This is an assignment I recently completed for my Digital Humanities Methods class in the Information Studies department, taught by Prof. Cindy Nguyen. The assignment was to watch a technical workshop from the Office of Advanced Research Computing archive and write a critical autoethnography reflection (500-700 words) guided by the following questions:
- Describe the workshop/technical training you attended.
- How might you critically implement some of the things you learned into your work?

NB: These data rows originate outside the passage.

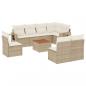 Preview: 9-tlg. Garten-Sofagarnitur mit Kissen Beige Poly Rattan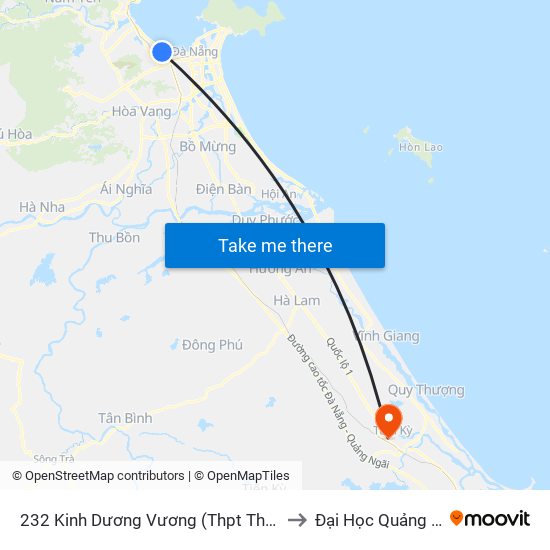 232 Kinh Dương Vương (Thpt Thanh Khê) to Đại Học Quảng Nam map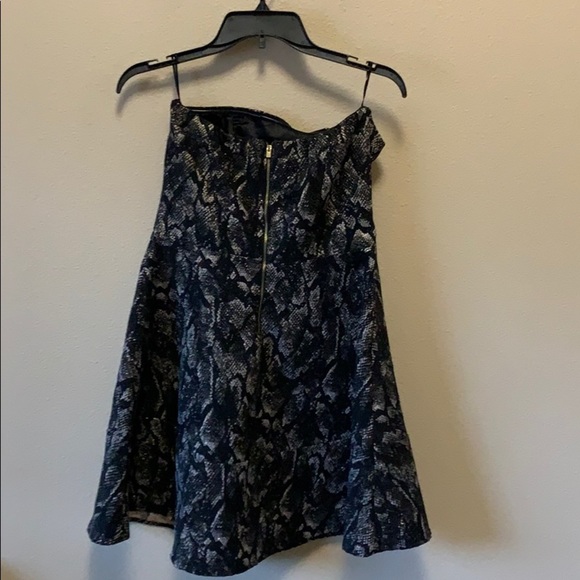 Express sz 8 strapless black gold snakeskin dress cocktail party - Picture 4 of 7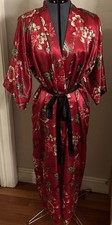 VTG California Dynasty Red Floral Satin Full Length Kimono Robe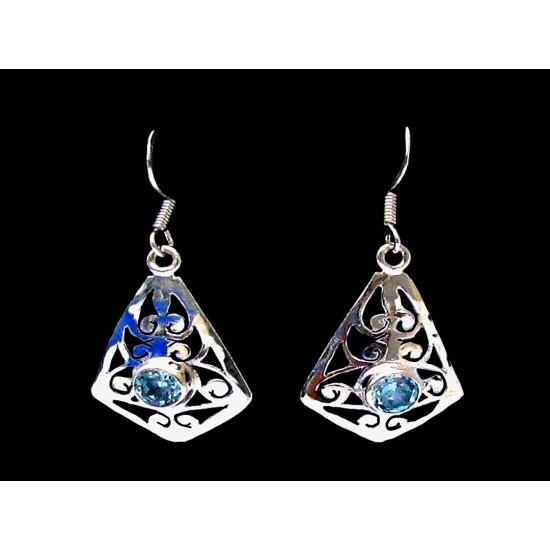 Boucles d Oreilles indiennes argent Topaze - Bijoux indiens,Boucles d Oreilles indiennes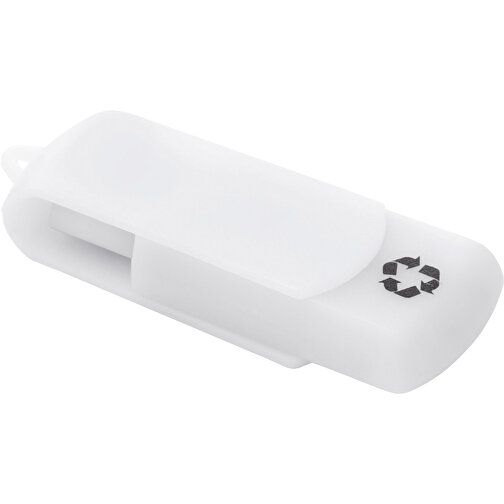 USB Stick Zum Heraus Drehen Aus 100% Recycling-Material , weiß MB , 2 GB , ABS MB , 2.5 - 6 MB/s MB , 6,00cm x 1,05cm x 1,80cm (Länge x Höhe x Breite), Bild 1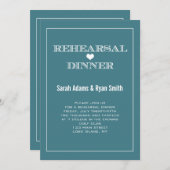 Heart Blauwgroen Wedding Rehearsal Dinner Invitati Kaart (Voorkant / Achterkant)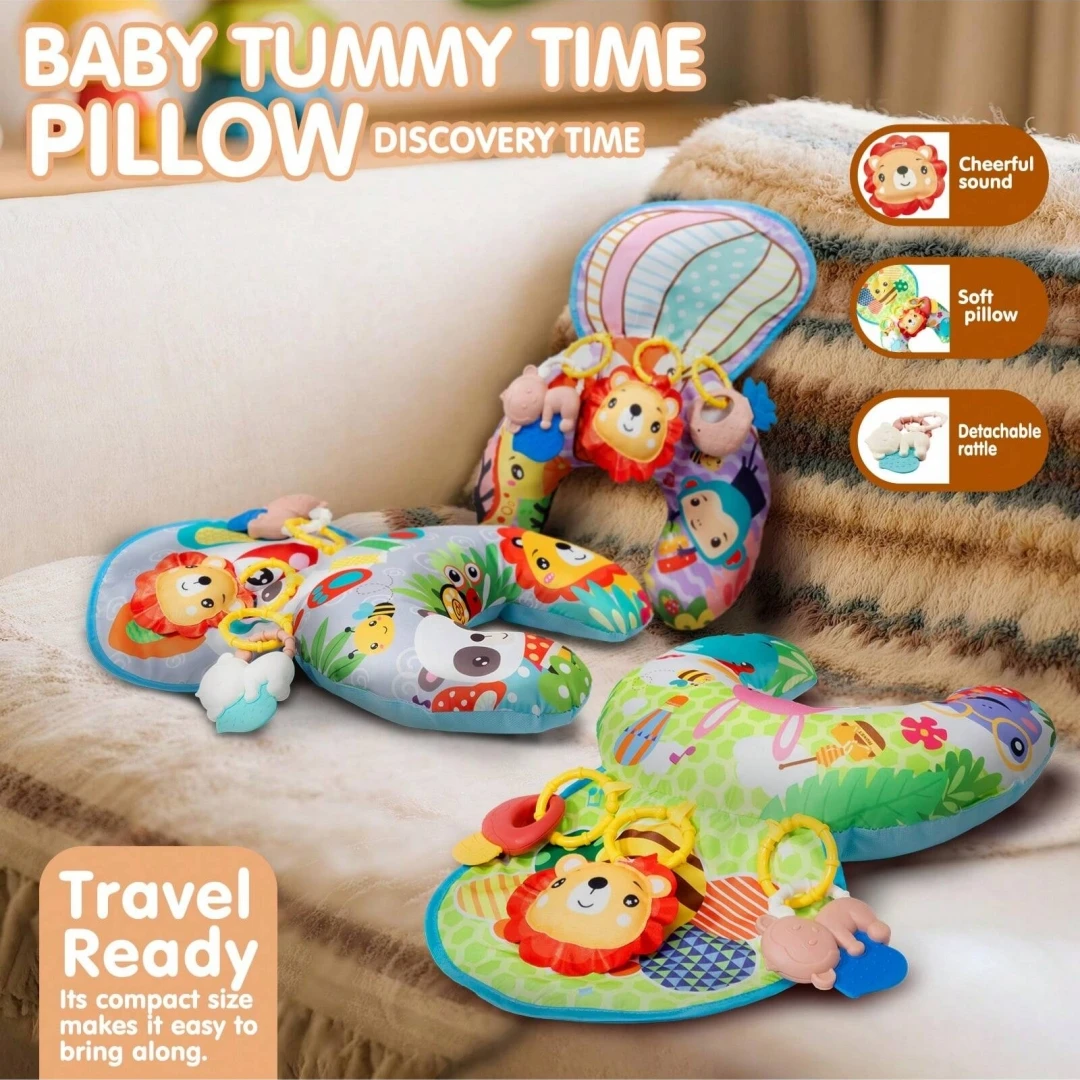 Toddler Crawling Toy - Tummy Support Pillow - Baby Crawling Mat - Multifunctional Baby Crawling Mat with Rattle Toy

Workshop Numerical Computing with Python: Intro to Numpy, Scipy, and Pandas Instructor Ben Winjum
In my work, I investigate the mathematical methods that underlie algorithms, computation, and AI. Currently, I am taking a class on Critical Approaches to Digital Humanities and TA’ing for the Data Justice and Society Cluster. Both classes seek to apply a critical lens to the relationship between technology and the social. In Digital Humanities, Much of digital humanities work focuses on the adaptation of computational and quantitative methods for humanistic questions and the digitization of the cultural record. Alongside doing this work, a number of questions come up about labor, ethics, and the politics of the digital. In Data Justice and critical data studies, we seek to critically engage with the emergence of big data and consider the ways data can be used to fight for justice and a better society. For me, all these roads lead back to mathematics. The methods of computation, data analysis, and artificial intelligence all emerge from the operationalization of mathematical techniques. As argued by Cathy O’Neil, often these mathematical tools are implemented uncritically and assumed to be unassailable. Mathematics tends to be assumed to have a unique claim to knowledge, removed from social context.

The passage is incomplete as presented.